# Rescue Golden...Overweight



## OutWest (Oct 6, 2011)

Others on here have more experience than I, but I'd give him some carrots and beans and see how he takes to them. If there's no stomach upset, I don't think you'll see one down the road. You can also give them in the dinner bowl and cut back on the kibble. Makes him feel fuller. Other veggies are good too, such as peas and broccoli. You can give frozen veggies too--make sure no salt has been added. If he can eat dairy, you might try giving a bit of nonfat yogurt with no additives. Low in calories but adds flavor and can be filling. 

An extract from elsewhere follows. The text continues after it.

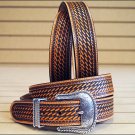 44 inch JUSTIN TOOLED WESTERN LEATHER MEN BELT BROWN W/ SILVER ENGRAVED BUCKLE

Poke around on here and you'll find other threads on overweight dogs and how people dieted them. When I put my toy spaniel on a diet, I basically just cut her food back. I gave her veggies at first then stopped. She gave me the sad eyes for a long time and I learned to ignore them!


----------



## dwiley (Aug 19, 2012)

In college, my roommate had an Alaskan Malamute that was overweight. Our vet said to add 1/2 cup of green beans (we just bought the canned, sodium free kind) and that seemed to help fill her up but allowed us to cut back on the kibble. She never had any issues with it. We bought those cans in bulk...haha!


----------



## CITIgolden (Mar 9, 2013)

I would recommend perhaps lowering to 2.5 cups every other day over time, I know it sounds it will make the problem worse, but to avoid that, would you be able to invest in one of the kibble dispensing toys such as the kong wobbler? 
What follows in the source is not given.